To speed up the ETL data pipeline, you should try to run jobs in parallel. Obviously, not all jobs can run at the same time in most cases, since there are dependency constraints between the jobs and limits of the servers capacity (number of processors and/or IO bandwidth).

So assuming the server allows you to run n jobs in parallel, often there is the situation that the dependencies give you the option to run any of a set of m different jobs with m > n. The question then is which subset of the jobs should be executed first, in order to achieve the shortest overall runtime.

A dependency graph

Given that individual jobs can have quite a different runtime, the best possible order is usually not obvious from the dependency graph. Looking at the example dependency graph from, it may seem that job a should be the first to run, followed by jobs b and c.

However, it is quite easy to construct an example where this would not be a good choice, namely if job e takes much longer than the other jobs. Therefore, the job scheduler calculates cost-based priorities for all jobs, that define in which order they are run.

Technically, we calculate the longest path from each node to the sink of the graph, based on some cost measure. The cost measure is currently simply the average runtime over the last 30 days of a job. Priority of a job is then the sum of the cost from all nodes on the longest path from the node to the sink.

Node a b c d e f
Runtime 10 30 10 5 50 10
Runtime 35 45 25 15 60 10

The table shows an example of runtimes for the graph from above and the resulting priorities. Jobs with higher priorities are run first, so the first job to run in this case would be e.
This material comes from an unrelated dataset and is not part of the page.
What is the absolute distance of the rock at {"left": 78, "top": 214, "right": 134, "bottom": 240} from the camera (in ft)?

The dependency graph is directed and acyclic, so the priorities can be calculated with a breadth-first search starting from the sink.

graph = {
    'sink': 'f',
    'nodes': {
        'f': {'cost': 10, 'dependencies': ['d', 'e']},
        'e': {'cost': 50, 'dependencies': []},
        'd': {'cost': 5, 'dependencies': ['b', 'c']},
        'c': {'cost': 10, 'dependencies': ['a']},
        'b': {'cost': 30, 'dependencies': []},
        'a': {'cost': 10, 'dependencies': []}
    }
}

# Initialize priorities with own cost
priorities = {k: v['cost'] for k, v in graph['nodes'].items()}

# Breadth first search starting from the sink of the graph
nodes = [graph['sink']]
while nodes:
    next_level = []
    for node in nodes:
        for dependency in graph['nodes'][node]['dependencies']:
            # Update priority iff the current path is more expensive
            priorities[dependency] = max(priorities[dependency],
                                        priorities[node] + graph['nodes'][dependency]['cost'])
            next_level.append(dependency)
    nodes = next_level

The runtime of the scheduling algorithm doesn’t matter much again, because the graph is by definition small. And because the graph is also directed and acyclic, the longest path can be calculated efficiently anyway.
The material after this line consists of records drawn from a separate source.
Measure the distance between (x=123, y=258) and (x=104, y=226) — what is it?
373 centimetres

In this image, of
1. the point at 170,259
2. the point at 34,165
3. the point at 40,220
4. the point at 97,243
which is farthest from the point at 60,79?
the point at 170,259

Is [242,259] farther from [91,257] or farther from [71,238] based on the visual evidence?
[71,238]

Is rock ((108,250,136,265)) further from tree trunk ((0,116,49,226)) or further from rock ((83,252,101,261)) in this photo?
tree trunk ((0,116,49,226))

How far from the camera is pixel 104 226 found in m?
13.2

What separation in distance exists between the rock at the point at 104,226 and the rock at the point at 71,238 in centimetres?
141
The longest path with just the job runtime as cost measure is not really guaranteed to find the best possible solution, but nevertheless seems to work quite well in praxis. The cost measure may be improved by taking i.e. CPU and IO usage of a job into account, even though this is generally difficult to measure. Running a job that is CPU bound in parallel to another one that is IO bound is however certainly better than running two jobs that are both IO bound.

Generally, the scheduler does not take into account how parallel jobs influence each other, and also does not really optimize for overall runtime by comparing to previous runs.

The average runtime may be calculated with a stronger influence for more recent runtimes, to adapt more quickly to changing runtimes.